Taiyee Vue - University of Minnesota Twin Cities
Co-Author(s): Kenneth Heller and Leonardo Hsu, University of MN, Minneapolis, MN
Often incoming college freshmen do not have the background knowledge nor problem-solving skills that are desirable in many of the STEM fields today, in fact many students are still novices in approaching problems and only become experts when they are graduate students. To asses and develop student’s problem-solving skills to proficiency, the Physics Education Research Group (PER) at the University of Minnesota (UofM) developed Customizable Computer Coaches for Physics Online (C3PO) for this purpose. This poster gives a brief overview of the research basis of problem solving instruction, initial data from the prototype computer coaches, and the process by which the second generation of these coaches are being prepared for testing during the academic year 2016-2017 at five different institutions of higher education.
Funder Acknowledgement(s): 3M; North Star STEM Alliance; NSF.
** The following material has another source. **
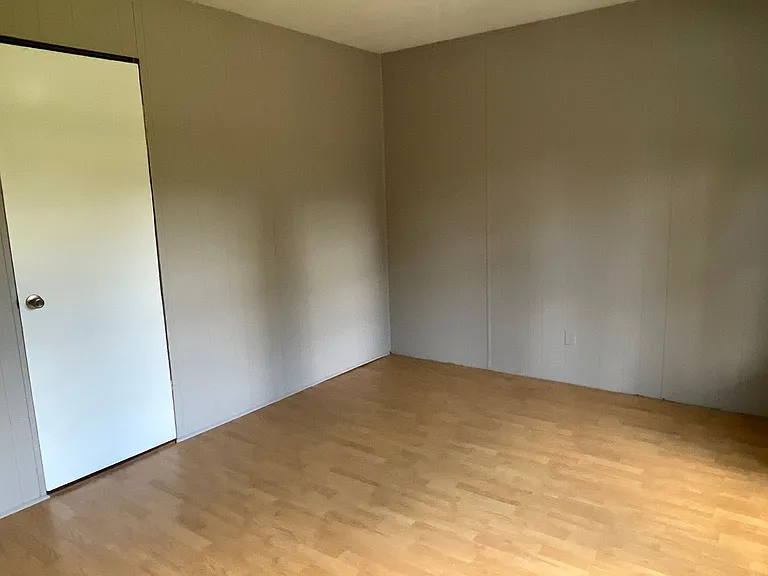 1723 W Poplar St #B — Photo 7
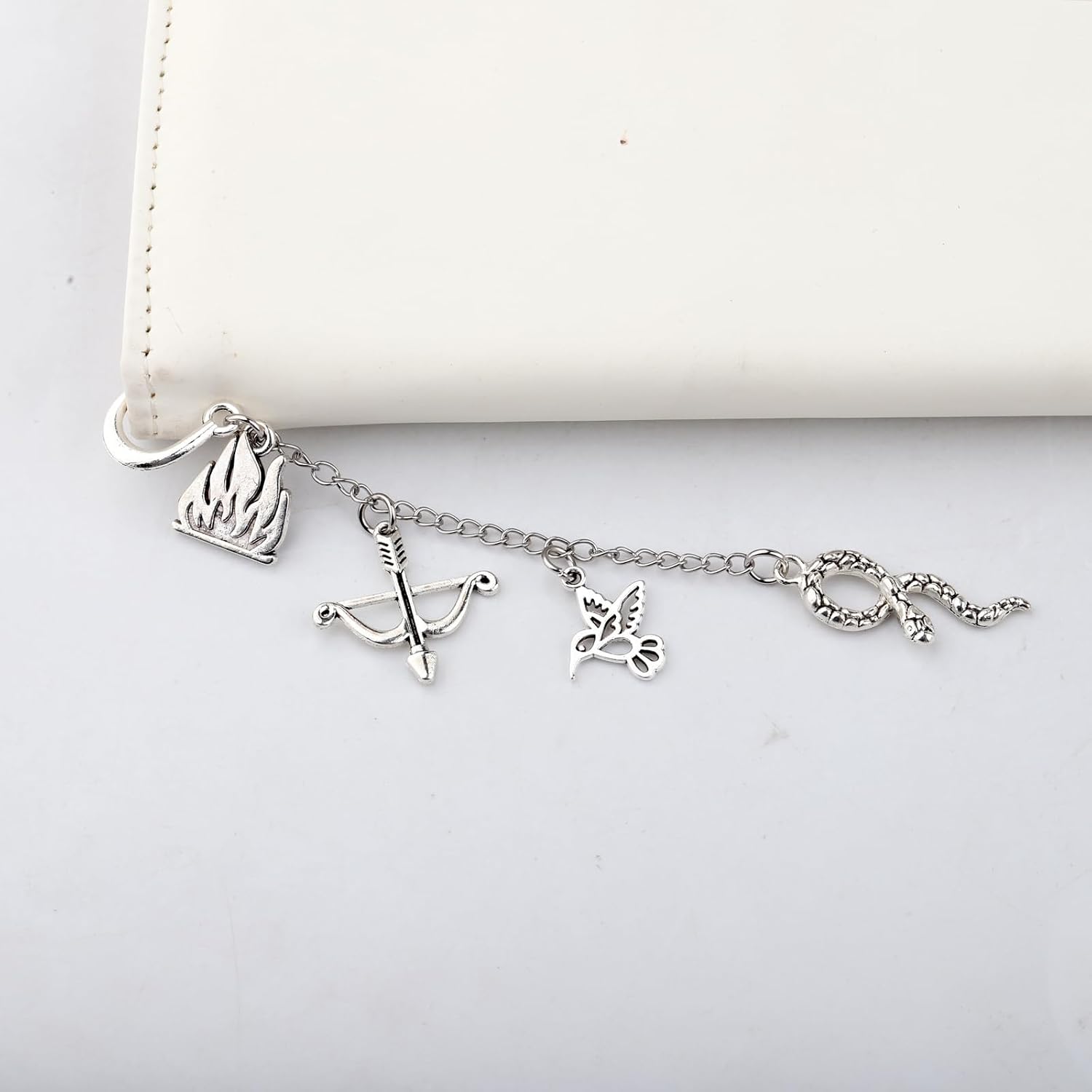 Detalle de KUIYAI Literay Bookmark: A Robust Stainless Steel Book Lover’s Bookmark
Faculty Advisor: Kenneth Heller, email@example.com
Role: So far, I have accomplished building two coaches using the graphical user interface, one focused on the kinematics (motion) and the other focused on rotational motion. Both coaches required my knowledge of physics but also my role as a student. I have taken the calculus-based introductory class as an incoming freshmen and am very familiar with the difficulties that many students face while in college. As a student, knowing that this type of resource is available would have been beneficial to my physics course experience because it’s so easy to use and definitely does not require a lot of time. Building these coaches is in itself, a problem-solving feat. It requires me to account for which solution building block gets unlocked as a student progresses through the coach.